Could you clarify how uptime is calculated for Fly.io deployments? Does it include user-facing service accessibility, or is it measured differently?
What region are you in? Are you still having problems right now? I just did a fly ssh console into a London machine, just in the last two minutes. I am wondering if there is an issue with your machine that has upset the networking stack.
(Yes, it could also be Fly, but I imagine an 11 hour networking outage would have alerted engineers if it was widespread).
Could you spin up a new machine in the same region and see if you can get a console on that?
The one that’s been unreachable since this morning is in AMS Region.
Just tried again and got a new error: Error: ssh: can't build tunnel for xxx: Post "https://api.fly.io/graphql": read tcp [xxx:64749->[xxxx]:443: read: no route to host
Yes I can create new apps in AMS. But cannot access this existing app.
Righto. Is your app alive at all? If the OS has completely crashed, then it could be that it cannot start up an SSH listener. Can you reboot it via the web console?
My understanding is that those numbers are just artifacts of the third-party status portal software—and not something that Fly.io intends you to take very seriously. (I don’t speak for Fly.io at all, but this is based on what they’ve said themselves in the past.)
Basically, what they do want from the status page is a real-time messaging box, with some ability to view previous messages. These are written in the heat of the moment—while people are still heads-down in debugging and bringing systems back to life—and no one is going to completely nail the exact wording, beginning and ending times, particular list of affected subcomponents, etc., under such circumstances.

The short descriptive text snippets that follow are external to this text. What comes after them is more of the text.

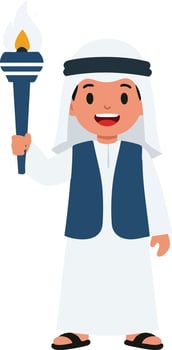 Young boy in traditional Middle Eastern clothing holding a burning torch smiling happily illustration vector
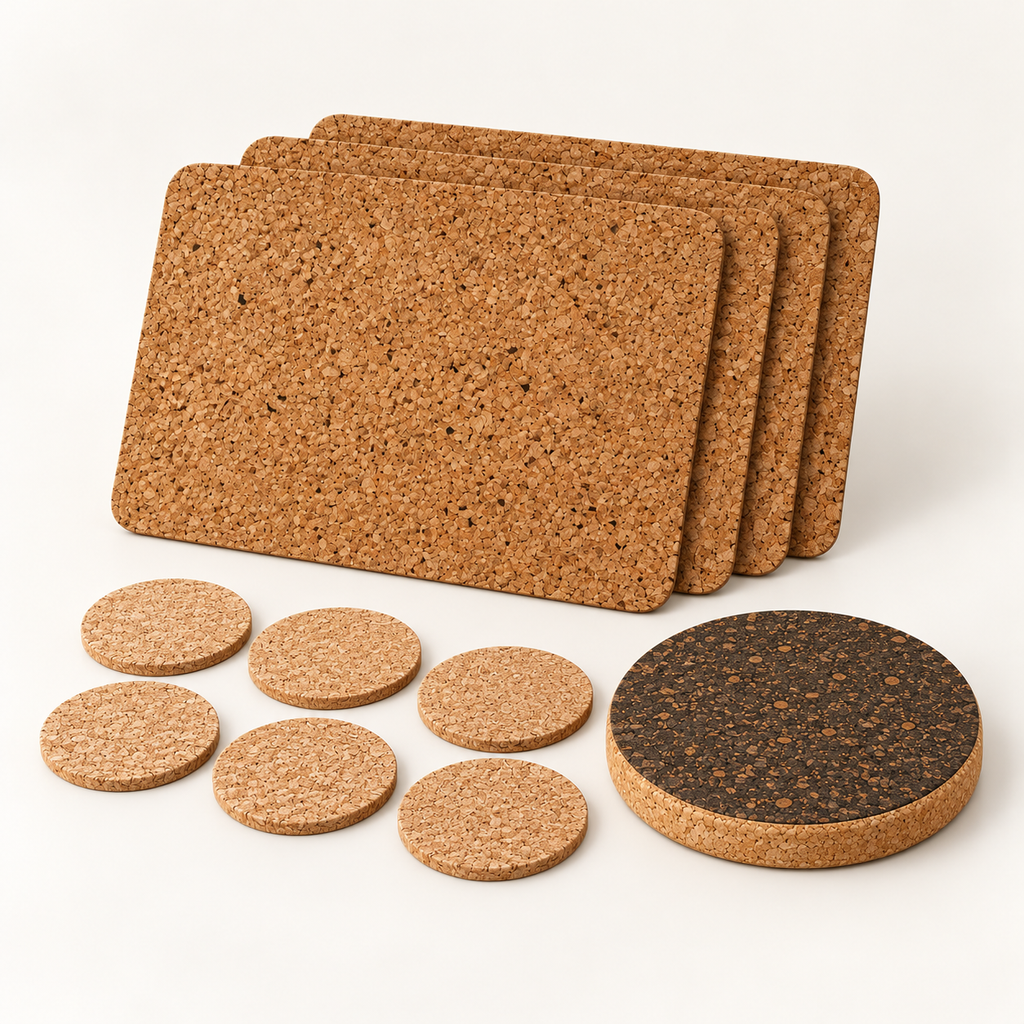 Country cork table set for four — four Country placemats, six natural cork coasters and one dark round cork trivet, 11 pieces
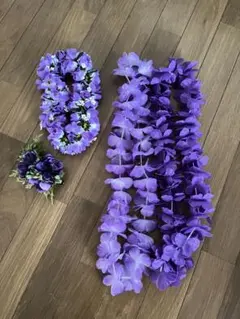 紫色のフラダンス用レイ 3点セット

For now, the only way to get an idea of overall platform reliability is qualitatively, by reading the prose in the Infrastructure Log. In contrast to the previous paragraph, this one is written in the calm and reflection of a week or more’s distance after the event, , having collated everyone’s views, examined internal logs and monitoring feeds, thought extensively about who would have been affected and how, and then assembled a consensus plan for avoiding such problems in the future.

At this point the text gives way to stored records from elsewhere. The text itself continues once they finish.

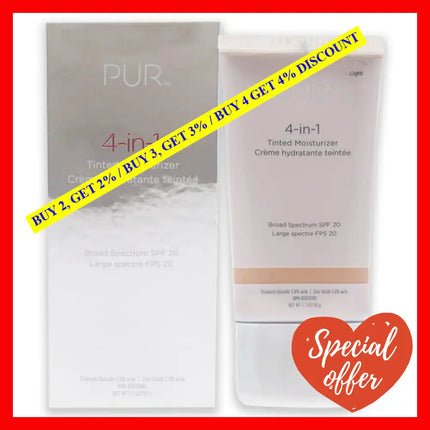 4-In-1 Tinted Moisturizer Spf 20 - Light By Pur Cosmetics For Women 1.7 Oz Makeup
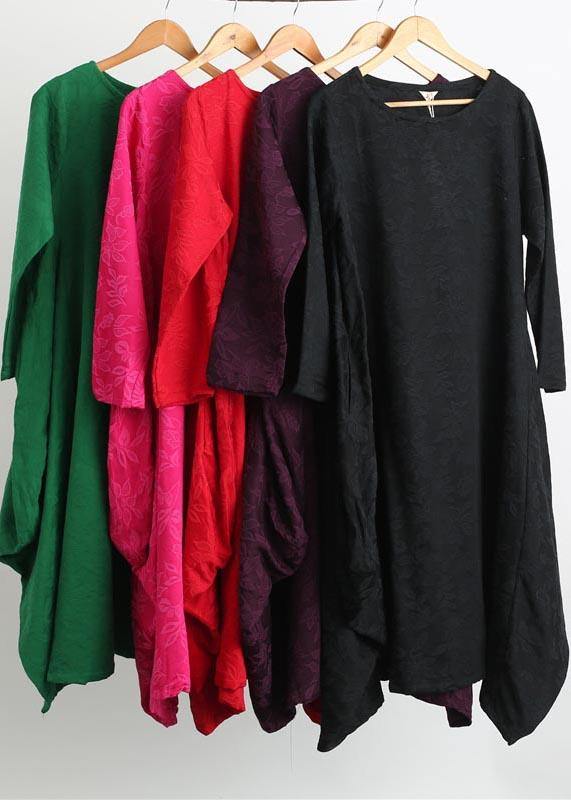 Loose Purple Jacquard Outfit O Neck Asymmetric Traveling Spring Dresses - SooLinen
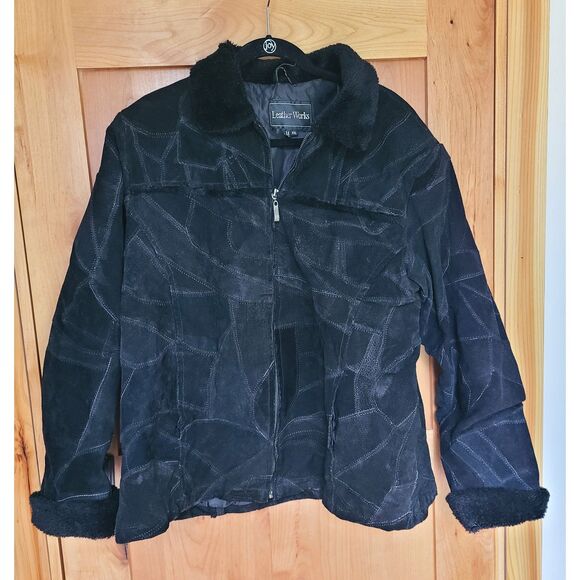Leather Works Patchwork Suede Pennylane Jacket XXL Black Faux Fur Collar & Cuffs - Picture 1 of 6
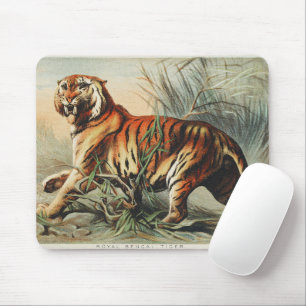 Vintage Royal Bengal Tiger Naturalist Art Print Mouse Pad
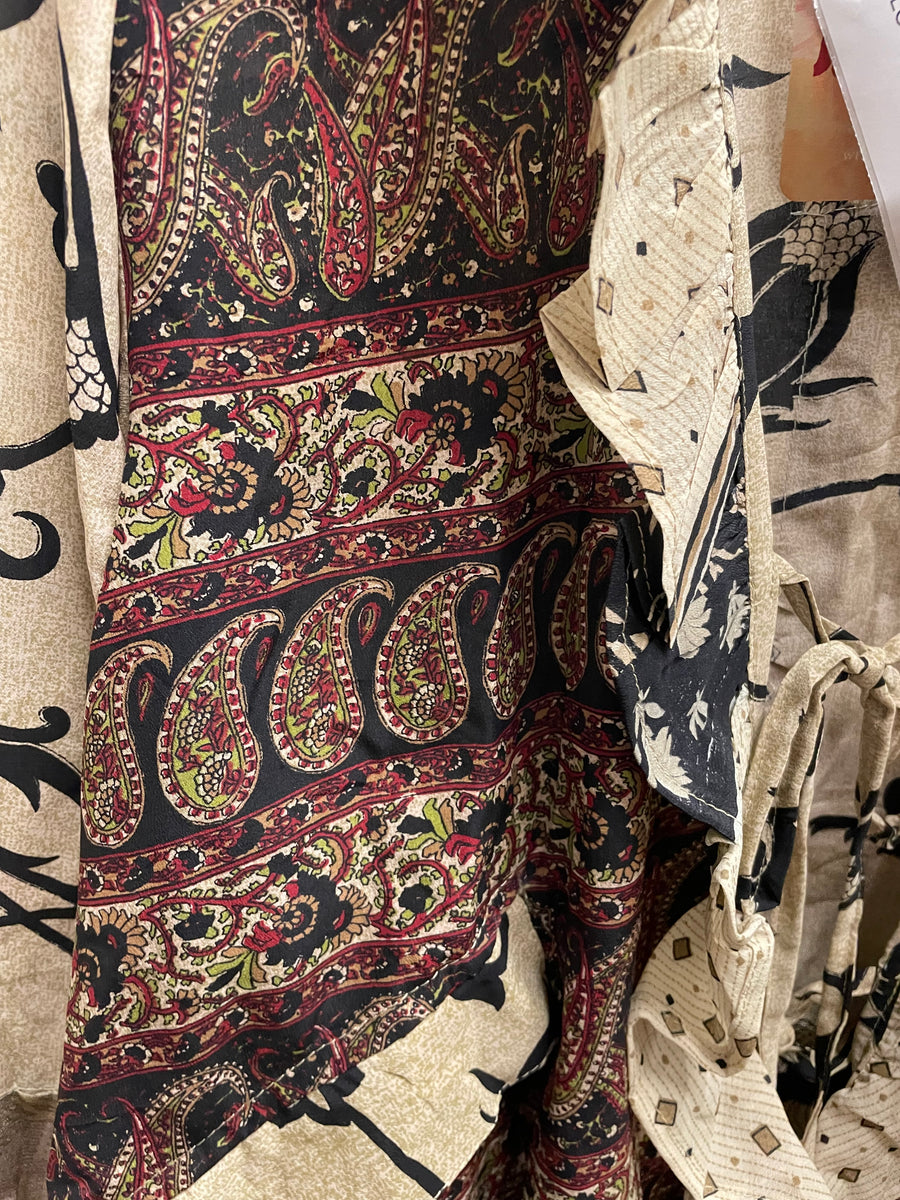 Crepe Sari Ruffle Daisy Blouse #132 by Kantha Bae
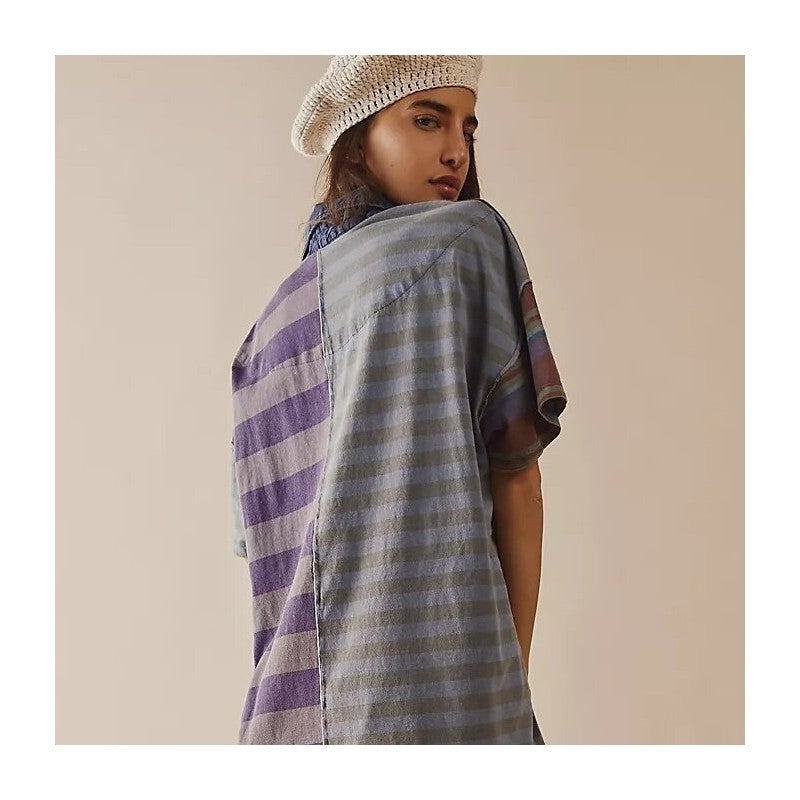 Color Block Striped Loose Casual Short Dress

Some day, this will be complemented by an actual, credible numerical graph, based on automatically collected and reported, objective system measurements. The new (and excellent) capacity API is a small step in that direction. (Although obviously some generous soul would need to set up a Machine to poll it every 10 minutes, so there’s readily available history on tap.)
No one is super-happy with the status quo, but hopefully this clears things up a bit!
Still can’t connect via SSH. Tried from multiple devices/ VPN connections.
Are SSH issues fly’s responsibility or mine?
Connecting to xxx:2... complete
Error: error connecting to SSH server: dial: connect tcp [xxx:2]:22: operation timed out
fly doctor -a xxxx
Testing authentication token... PASSED
Testing flyctl agent... PASSED
Testing local Docker instance... Nope
Pinging WireGuard gateway (give us a sec)... PASSED
Testing WireGuard DNS... PASSED
Testing WireGuard Flaps... PASSED
App specific checks for xxxx:
Checking that app has ip addresses allocated... PASSED
Checking A record for xxxx.fly.dev... PASSED
Checking AAAA record for xxxx.fly.dev... PASSED
Build checks for xxxx:
Checking docker context size (this may take little bit)... PASSED (17 MB)
Checking for .dockerignore... PASSED